The annual Social Security cost-of-living adjustment (COLA) is about to set another record low. According to estimates by TSCL’s COLA expert and Advisor editor Mary Johnson, the COLA may be just three tenths of a percent (0.3%) in 2017. That would set a new low for years when inflation was high enough for a COLA to be paid, and would raise monthly benefits only $3.00 per month for the average $1,000 benefit.
Over the past seven years COLAs have flat-lined — averaging just 1.2%. And while the growth of Social Security benefits has been at record low rates, retirees report that household expenses are still climbing. That trend is causing people to spend retirement savings more quickly, go into debt, or both.

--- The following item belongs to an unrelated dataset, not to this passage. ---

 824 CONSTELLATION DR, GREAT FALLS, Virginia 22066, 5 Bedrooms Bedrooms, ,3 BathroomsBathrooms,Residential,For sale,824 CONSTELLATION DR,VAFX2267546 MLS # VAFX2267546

This year Social Security recipients received no COLA at all, but 73% of TSCL’s 2016 Senior Survey participants reported that their monthly expenses grew by more than $79 over the past twelve months.
“Social Security’s ‘shortfall’ isn’t just about the formidable financing problems that the Social Security Trust Fund faces in the next 18 years or so,” says TSCL’s Executive Director, Shannon Benton. “An even bigger ‘shortfall’ will impact the Social Security income of more than 60 million people who rely on their benefits every day,” Benton says. Social Security benefits, and annual cost-of-living adjustments (COLAs) are so meager that today they only replace about 35% of pre-retirement paychecks. A growing number of retirement experts say that expanding, not cutting, Social Security is a real need as more people retire with low or no retirement savings.

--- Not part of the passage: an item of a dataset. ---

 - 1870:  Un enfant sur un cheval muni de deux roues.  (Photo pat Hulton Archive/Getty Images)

With people living longer and retirements that can last 30 years or more, modestly - higher benefits are needed by the majority of people at or nearing retirement, a growing number of retirement experts say. A number of national studies indicate that millions of older Americans are entering retirement without the financial resources to cover longer retirements. A 2015 report from the U.S. Government Accountability Office says about one-half of households 55 and older have no retirement savings, and many of those that do have some savings, don’t have enough. They run the risk of falling short of income, going into debt, and falling into poverty.
Older voters think Social Security should be strengthened, but are opposed to cutting benefits. According to the Senior Survey, 71% of older voters think Social Security should be expanded to provide modestly higher retirement benefits and more fair COLAs. An analysis for TSCL estimates that if COLAs were indexed using a “senior” consumer price index — the government’s Consumer Price Index for the Elderly (CPI-E) — Social Security recipients would receive a 1.7% percent increase instead of an estimated 0.6% COLA in 2017.

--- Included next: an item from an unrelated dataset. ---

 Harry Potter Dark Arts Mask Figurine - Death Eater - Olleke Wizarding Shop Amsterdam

TSCL’s Senior Survey indicates that older Americans are united in their support for Social Security and that 78% of TSCL’s survey participants favor raising the taxable cap on earnings so that all workers pay their fair share on all earnings. Currently earnings over $118,500 aren’t taxed for Social Security purposes. “This means the nation’s highest earning people, like millionaire CEOs, pay a far lower percentage of their total income into Social Security than bus drivers and secretaries,” says Benton.
TSCL is working with Congress to pass legislation that would lift the taxable maximum cap, expand Social Security by boosting retirement benefits and provide greater retirement security by using a “seniors-only” consumer price index, the CPI-E, to determine the annual cost-of-living adjustment (COLA).